Although the current economic climate in Greece remains cold and uncertain, a group of possibly naive optimists have opened a new business in Santorini. A Greek oenologist, a Serbian brewer, an English brewing enthusiast, and an American to round out the multi-cultural group, comprise the ingredients for this successful enterprise that hopes to enliven a heretofore lackluster domestic beer-drinking scene.
Deceptively simple, the brewing operation begins, in this case, with equipment imported from Austria and housed in Mesa Gonia. Malted barley is milled and then submitted to a technique called mashing, which yields the liquid wort that is boiled with aromatic hops gathered from all over the world. The residual spent grain benefits local vineyards as nutritious compost.
Primary fermentation begins with the addition of specialized yeasts, and secondary fermentation takes place under pressure in large storage tanks without any additional sugar, only those produced naturally during the brewing process.

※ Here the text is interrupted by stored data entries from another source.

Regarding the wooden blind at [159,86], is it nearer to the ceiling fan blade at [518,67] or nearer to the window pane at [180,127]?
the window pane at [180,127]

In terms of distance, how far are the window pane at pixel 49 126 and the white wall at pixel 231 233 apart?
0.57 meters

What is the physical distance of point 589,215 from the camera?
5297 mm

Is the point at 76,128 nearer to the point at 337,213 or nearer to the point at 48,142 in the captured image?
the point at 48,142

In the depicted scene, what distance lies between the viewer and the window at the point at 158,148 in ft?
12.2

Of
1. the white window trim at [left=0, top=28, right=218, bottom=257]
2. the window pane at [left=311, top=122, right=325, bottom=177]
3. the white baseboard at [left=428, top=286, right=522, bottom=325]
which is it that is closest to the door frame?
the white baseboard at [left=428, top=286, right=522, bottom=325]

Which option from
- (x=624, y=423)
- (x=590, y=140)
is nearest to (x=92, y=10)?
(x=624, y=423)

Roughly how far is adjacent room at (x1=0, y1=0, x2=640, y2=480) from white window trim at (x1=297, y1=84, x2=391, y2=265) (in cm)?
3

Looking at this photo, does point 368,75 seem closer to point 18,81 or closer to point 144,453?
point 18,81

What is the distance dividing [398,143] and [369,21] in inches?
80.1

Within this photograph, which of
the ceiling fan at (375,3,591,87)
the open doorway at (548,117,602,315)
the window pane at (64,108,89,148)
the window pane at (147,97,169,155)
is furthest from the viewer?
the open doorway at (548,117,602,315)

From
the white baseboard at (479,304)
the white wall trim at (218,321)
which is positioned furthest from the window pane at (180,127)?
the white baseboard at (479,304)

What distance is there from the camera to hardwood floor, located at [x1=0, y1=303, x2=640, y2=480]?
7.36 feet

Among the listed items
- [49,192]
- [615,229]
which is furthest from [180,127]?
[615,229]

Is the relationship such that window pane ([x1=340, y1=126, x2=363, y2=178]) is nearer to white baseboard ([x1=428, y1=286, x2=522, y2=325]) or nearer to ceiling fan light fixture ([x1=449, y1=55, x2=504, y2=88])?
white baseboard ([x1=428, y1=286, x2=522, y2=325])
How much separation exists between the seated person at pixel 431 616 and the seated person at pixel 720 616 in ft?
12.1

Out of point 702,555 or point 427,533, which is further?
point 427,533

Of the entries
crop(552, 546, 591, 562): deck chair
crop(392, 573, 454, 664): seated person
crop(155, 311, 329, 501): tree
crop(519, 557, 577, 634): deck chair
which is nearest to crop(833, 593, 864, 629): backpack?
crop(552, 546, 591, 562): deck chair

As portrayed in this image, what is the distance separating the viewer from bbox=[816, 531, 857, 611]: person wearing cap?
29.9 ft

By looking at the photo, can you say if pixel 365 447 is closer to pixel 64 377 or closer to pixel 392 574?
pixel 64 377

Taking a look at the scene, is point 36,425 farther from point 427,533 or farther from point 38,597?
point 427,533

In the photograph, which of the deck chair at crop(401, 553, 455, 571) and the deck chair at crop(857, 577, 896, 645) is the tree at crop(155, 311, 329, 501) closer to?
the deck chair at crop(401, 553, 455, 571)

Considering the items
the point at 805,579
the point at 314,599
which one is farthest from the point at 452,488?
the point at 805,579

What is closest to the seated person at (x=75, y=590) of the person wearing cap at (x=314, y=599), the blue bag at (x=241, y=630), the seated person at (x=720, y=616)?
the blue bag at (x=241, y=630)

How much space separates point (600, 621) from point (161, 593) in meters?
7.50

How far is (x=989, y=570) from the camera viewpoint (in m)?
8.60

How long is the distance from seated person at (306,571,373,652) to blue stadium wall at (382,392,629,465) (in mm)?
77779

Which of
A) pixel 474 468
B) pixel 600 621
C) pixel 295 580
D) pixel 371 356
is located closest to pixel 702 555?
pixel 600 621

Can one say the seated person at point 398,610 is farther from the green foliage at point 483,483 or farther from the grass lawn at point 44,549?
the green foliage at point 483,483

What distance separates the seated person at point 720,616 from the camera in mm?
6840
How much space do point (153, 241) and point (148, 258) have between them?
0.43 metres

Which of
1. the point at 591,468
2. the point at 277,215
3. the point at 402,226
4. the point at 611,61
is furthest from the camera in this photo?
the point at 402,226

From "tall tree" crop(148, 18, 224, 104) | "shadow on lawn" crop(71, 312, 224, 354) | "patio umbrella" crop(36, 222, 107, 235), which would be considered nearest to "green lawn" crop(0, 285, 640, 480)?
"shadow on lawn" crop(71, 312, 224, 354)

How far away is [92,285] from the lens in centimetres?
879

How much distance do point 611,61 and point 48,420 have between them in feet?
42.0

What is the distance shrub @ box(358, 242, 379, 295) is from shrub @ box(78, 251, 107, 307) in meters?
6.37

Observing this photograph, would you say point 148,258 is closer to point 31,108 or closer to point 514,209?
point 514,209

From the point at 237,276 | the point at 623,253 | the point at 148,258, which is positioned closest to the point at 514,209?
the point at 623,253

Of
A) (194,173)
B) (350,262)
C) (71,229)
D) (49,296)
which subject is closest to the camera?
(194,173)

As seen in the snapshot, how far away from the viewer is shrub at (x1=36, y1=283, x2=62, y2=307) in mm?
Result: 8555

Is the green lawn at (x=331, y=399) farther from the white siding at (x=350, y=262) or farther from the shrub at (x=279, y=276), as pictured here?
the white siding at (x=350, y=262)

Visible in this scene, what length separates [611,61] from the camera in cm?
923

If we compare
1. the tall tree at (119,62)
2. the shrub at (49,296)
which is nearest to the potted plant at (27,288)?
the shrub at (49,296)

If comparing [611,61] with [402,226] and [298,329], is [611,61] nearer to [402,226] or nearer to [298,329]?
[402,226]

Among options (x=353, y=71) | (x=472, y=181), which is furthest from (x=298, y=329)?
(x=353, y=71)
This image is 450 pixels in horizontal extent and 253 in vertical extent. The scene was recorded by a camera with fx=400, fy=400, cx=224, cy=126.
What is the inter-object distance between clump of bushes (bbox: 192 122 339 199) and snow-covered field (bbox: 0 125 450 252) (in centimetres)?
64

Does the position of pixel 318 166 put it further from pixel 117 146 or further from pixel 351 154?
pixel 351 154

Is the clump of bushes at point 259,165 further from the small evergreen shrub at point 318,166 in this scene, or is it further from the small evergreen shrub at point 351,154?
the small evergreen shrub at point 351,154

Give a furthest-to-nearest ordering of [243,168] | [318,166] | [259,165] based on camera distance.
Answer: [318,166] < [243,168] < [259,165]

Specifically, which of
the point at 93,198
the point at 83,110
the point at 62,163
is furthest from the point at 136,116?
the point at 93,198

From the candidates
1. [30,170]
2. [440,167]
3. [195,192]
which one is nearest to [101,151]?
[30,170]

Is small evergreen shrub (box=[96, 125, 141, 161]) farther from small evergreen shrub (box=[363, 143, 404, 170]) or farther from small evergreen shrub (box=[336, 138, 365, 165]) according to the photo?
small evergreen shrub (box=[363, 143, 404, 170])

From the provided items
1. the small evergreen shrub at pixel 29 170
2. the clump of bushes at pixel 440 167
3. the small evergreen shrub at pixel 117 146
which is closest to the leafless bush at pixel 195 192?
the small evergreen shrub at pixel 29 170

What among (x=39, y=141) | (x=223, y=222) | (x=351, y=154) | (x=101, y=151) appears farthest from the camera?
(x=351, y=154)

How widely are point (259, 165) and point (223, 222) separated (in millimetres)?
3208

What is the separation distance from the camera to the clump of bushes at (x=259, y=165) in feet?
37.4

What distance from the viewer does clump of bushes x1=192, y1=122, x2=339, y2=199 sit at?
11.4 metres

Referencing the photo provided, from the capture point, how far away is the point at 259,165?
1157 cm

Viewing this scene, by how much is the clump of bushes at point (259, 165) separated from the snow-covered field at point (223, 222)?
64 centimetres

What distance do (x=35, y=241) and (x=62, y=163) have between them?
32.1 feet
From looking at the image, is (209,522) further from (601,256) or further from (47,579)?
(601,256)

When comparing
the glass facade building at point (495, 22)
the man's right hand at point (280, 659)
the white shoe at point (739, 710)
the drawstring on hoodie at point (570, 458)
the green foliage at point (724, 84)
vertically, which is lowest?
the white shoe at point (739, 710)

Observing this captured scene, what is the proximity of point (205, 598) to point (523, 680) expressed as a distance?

These seemingly facile steps result in a fresh beer experience never before available in Santorini. Unfiltered, to capture every particle of flavor, our extraordinary "lagered ales" are alive with personality. Unpasteurized and preservative-free, they are also sensitive and somewhat fragile, as their very "living" nature requires refrigeration to assure their excellent quality and ultimately, their perfect enjoyment.
Each recipe contains four simple components - malted barley, hops, yeast and water - that in myriad permutations translate into countless possibilities. So, although these are our offerings for now, we are certain others will join them during the months and years to come.